Koloman Wallisch wartet im Gefängnishof von Leoben auf seine Hinrichtung.

Die letzten Minuten seines Lebens verbringt Konrad Wallisch im Hof des Gefangenenhauses. Exakt um 23 Uhr 40 wird er zur Hinrichtung geführt. Der Holzhof wird von Scheinwerfern beleuchtet; eine Abteilung des Bundesheers ist angetreten. Da sich in Leoben niemand gefunden hat, der bereit gewesen wäre, den Galgen aufzustellen, zwingt man Häftlinge zu dieser Arbeit. Ein Loch wird gegraben, das Todesgerüst darin fixiert. Als Henker amtiert ein Fleischhauer aus Wien namens Spitzer; schon am Nachmittag hat er in den Leobener Wirtshäusern damit angegeben, dass er „den Wallisch“ hängen werde. Von ihren Zellenfenstern aus können die gefangenen Schutzbündler sehen, wie Koloman Wallisch mit festem Schritt unter die Schlinge tritt. Als der Henker sie ihm um den Hals legt, ruft er aus: „Es lebe die Sozialdemokratie! Hoch! Freiheit!“

Als der Leichnam in den Sarg gelegt wird, kann sich Spitzer, der Henker, einen höhnischen Kommentar nicht verkneifen. Eine Verbeugung vor dem Toten machend, feixt er: „Herr Wallisch, bei Ihnen war es mir ein ganz besonderes Vergnügen!“ Noch in der Nacht wird der Leichnam auf den Leobener Zentralfriedhof gebracht und begraben, die Spuren verwischt. Man befürchtet einen Märtyrerkult, niemand soll die Stelle kennen, doch einige Arbeiter haben die nächtliche Szene beobachtet; bereits am nächsten Morgen liegt deshalb ein Kranz auf der Grabstätte. Angehörige der Heimwehr lassen ihn wegbringen, doch gleich liegen wieder neue Blumen auf dem Grab. Daraufhin setzt man Paula Wallisch unter Druck – sie solle den Leichnam ihres Mannes einäschern lassen. Die Witwe lehnt ab. So tragen die Arbeiter weiterhin ihre Liebe und ihre Racheschwüre zum heiligen Grab des Märtyrers. „Der Hass der Besitzenden, der Hass der Reaktionäre, der ihn viele Jahre verfolgte, hatte sein Ziel erreicht.“ Erst im Jahre 2008 erhält der hingerichtete Arbeiterführer sein Denkmal: Am Leobener Koloman-Wallisch-Platz wird ein 4 Meter hohes und 1,5 Meter breites Monument des Leobener Künstlers Herbert Lerchegger aufgestellt.

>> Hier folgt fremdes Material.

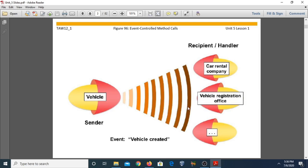In this example, after an instance of the vehicle is created, the instance triggers the event 'vehicle has been created.' For example, the car rental company handles the purchasing of a vehicle, and the vehicle registration office registers the purchased vehicle. The sender class creates an event and sends a message to all classes or instances that this event has occurred.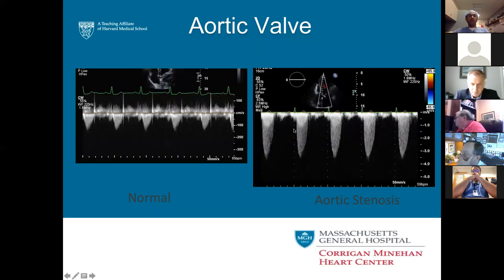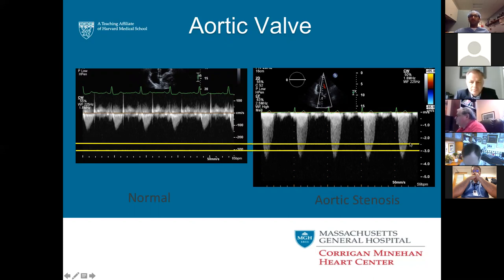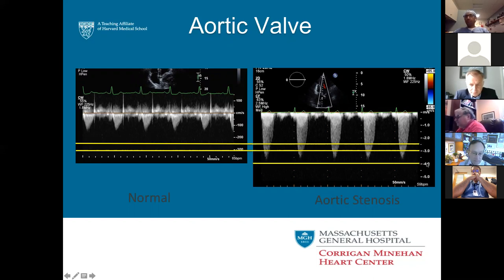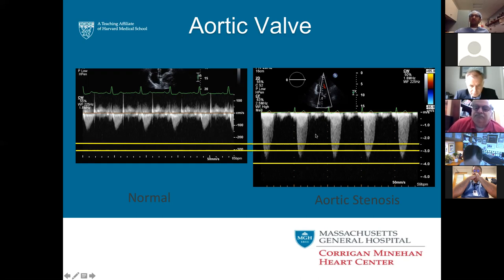For aortic stenosis, you can look at the velocity curve directly: a mean gradient greater than 40 tells you there's a problem. Looking at the scale — 1, 2, 3, 4 cm/s — anything greater than 4 m/s is severe, greater than 3 m/s is moderate, greater than 2.5 m/s is mild. Even before they give you a pressure calculation, you can look at the physical screen yourself and say there's a problem — just by knowing those velocity cutoffs.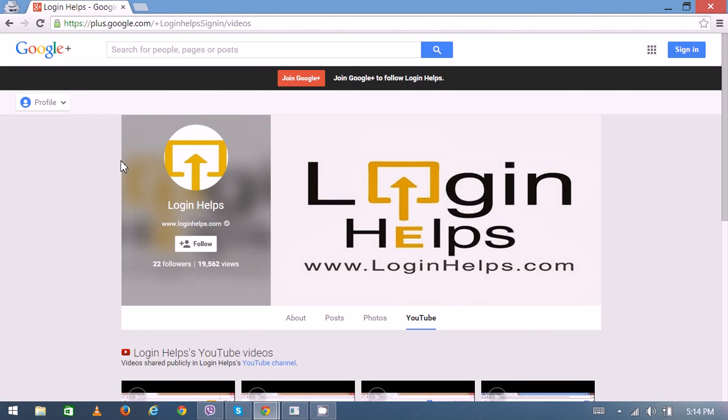Hello there, welcome to Login Helps. Today we're going to learn how to change your Gmail login password. Google itself recommends you to change your password every two weeks so you could avoid fraudulent attacks to your account.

Die Erschießung Andreas Hofers

Mantua, die alte österreichische Festung in der Lombardei, nunmehr unter französischer Herrschaft. Seit 5. Februar sitzt im Al-Vaso-Turm am sogenannten „Mühlendamm“ bei der Porta Nuova ein prominenter Gefangener: der Sandwirt Andreas Hofer, durch Verrat des Grubhofbauern Franz Raffl auf der Pfandleralm in die Hände der Franzosen gefallen. Napoleon Bonaparte, der die Niederlagen am Bergisel nicht verwinden kann, will das Blut des Tiroler Freiheitshelden fließen sehen und seine Offiziere sind willfährig: In der Nacht vom 19. auf den 20. Februar 1810 wird Andreas Hofer von einem französischen Kriegsgericht im Palazzo des Grafen von Arco-Chieppio Ardizzoni zum Tode verurteilt; die Exekution für 1 Uhr angesetzt. Die „Schuld“ des Sandwirts: Er habe nach der Proklamation vom 12. November 1809, die ja die Begnadigung aller Anführer der „Rebellen“ vorsah, noch einmal zu den Waffen gegriffen, sei damit wortbrüchig geworden und habe damit für sich jede Schonung verwirkt. Hofers Verantwortung, dass er von seinen Kampfgefährten unter Androhung des Todes „umgedreht“ worden sei, findet kein Gehör; sein Pflichtverteidiger Gioacchino Basevi kann in dieser Farce eines Gerichtsverfahrens nichts mehr für ihn tun. In Wien hat zwar Kaiser Franz I. am 12. Februar Staatskanzler Metternich angewiesen, „alle tunliche Verwendung“ für die Befreiung und Rettung Hofers zu unternehmen; da man Napoleon jedoch so knapp vor der Hochzeit mit Erzherzogin Marie-Louise nicht „wehtun“ will, verschleppt man geschickt die Angelegenheit und informiert zu spät den österreichischen Botschafter in Paris, den Fürsten Schwarzenberg; auch Erzherzog Johann, an den Hofer einen letzten Hilferuf gerichtet hat, „vergisst“ einfach seinen Tiroler Mitstreiter – die beiden Habsburger opfern ihn für das Staatsinteresse.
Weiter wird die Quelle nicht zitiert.